# YOUR ASSIGNMENT
For the entries below, the result should be an exact transcription of the lines from the one with "Mitchell & Ness" up to and including the one with "Item preview, Macedonian", and only those.

# RECORDS SHOWN

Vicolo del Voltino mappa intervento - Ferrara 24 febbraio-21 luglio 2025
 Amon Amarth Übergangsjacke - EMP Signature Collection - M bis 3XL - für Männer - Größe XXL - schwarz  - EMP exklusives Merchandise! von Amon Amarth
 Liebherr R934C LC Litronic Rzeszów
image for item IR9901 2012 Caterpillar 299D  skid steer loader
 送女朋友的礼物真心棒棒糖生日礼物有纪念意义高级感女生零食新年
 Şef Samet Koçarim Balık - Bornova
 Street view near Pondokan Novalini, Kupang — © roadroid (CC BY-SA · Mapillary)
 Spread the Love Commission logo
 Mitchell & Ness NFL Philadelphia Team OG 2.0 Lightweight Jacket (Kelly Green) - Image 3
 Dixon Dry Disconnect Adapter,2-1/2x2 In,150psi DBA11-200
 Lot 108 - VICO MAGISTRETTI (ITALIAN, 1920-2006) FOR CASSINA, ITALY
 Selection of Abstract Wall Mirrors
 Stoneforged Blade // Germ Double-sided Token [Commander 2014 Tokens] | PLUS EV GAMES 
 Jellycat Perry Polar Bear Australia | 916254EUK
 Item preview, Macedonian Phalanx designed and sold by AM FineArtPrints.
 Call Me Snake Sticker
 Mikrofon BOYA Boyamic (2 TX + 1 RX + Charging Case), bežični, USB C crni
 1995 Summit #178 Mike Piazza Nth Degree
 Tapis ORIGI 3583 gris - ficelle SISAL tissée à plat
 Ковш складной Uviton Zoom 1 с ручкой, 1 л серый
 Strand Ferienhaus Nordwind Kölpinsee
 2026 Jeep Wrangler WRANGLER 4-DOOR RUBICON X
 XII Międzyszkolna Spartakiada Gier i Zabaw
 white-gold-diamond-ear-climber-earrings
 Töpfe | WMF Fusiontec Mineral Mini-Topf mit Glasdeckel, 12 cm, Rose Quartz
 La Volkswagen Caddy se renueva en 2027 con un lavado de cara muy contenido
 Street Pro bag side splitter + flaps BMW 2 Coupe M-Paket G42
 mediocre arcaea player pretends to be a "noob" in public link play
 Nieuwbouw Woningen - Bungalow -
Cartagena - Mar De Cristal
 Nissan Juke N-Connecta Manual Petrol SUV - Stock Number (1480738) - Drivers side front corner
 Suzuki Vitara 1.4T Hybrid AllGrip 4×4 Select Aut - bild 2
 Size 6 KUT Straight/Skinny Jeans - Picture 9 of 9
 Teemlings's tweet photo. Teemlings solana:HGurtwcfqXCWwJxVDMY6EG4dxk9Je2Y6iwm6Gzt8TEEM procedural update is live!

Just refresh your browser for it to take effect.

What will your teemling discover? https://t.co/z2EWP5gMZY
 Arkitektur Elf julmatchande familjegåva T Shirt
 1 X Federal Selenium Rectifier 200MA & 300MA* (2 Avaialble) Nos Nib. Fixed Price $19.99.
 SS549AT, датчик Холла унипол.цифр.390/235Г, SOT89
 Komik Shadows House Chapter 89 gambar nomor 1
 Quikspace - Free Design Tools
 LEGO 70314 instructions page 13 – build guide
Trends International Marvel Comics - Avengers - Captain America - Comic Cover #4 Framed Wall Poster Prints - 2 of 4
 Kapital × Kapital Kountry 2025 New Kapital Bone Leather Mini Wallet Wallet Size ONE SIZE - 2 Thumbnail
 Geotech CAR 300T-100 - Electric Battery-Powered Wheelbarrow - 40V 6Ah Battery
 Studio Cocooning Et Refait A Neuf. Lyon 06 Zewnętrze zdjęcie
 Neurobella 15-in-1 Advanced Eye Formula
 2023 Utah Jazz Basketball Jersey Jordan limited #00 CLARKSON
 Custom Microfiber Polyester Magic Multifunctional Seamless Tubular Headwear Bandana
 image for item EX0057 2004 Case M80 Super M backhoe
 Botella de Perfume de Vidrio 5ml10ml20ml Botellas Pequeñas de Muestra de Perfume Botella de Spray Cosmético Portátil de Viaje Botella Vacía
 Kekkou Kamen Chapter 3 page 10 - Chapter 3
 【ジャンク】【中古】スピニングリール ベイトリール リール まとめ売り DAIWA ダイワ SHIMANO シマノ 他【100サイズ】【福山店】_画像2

# EXERCISE SOLUTION
 Mitchell & Ness NFL Philadelphia Team OG 2.0 Lightweight Jacket (Kelly Green) - Image 3
 Dixon Dry Disconnect Adapter,2-1/2x2 In,150psi DBA11-200
 Lot 108 - VICO MAGISTRETTI (ITALIAN, 1920-2006) FOR CASSINA, ITALY
 Selection of Abstract Wall Mirrors
 Stoneforged Blade // Germ Double-sided Token [Commander 2014 Tokens] | PLUS EV GAMES 
 Jellycat Perry Polar Bear Australia | 916254EUK
 Item preview, Macedonian Phalanx designed and sold by AM FineArtPrints.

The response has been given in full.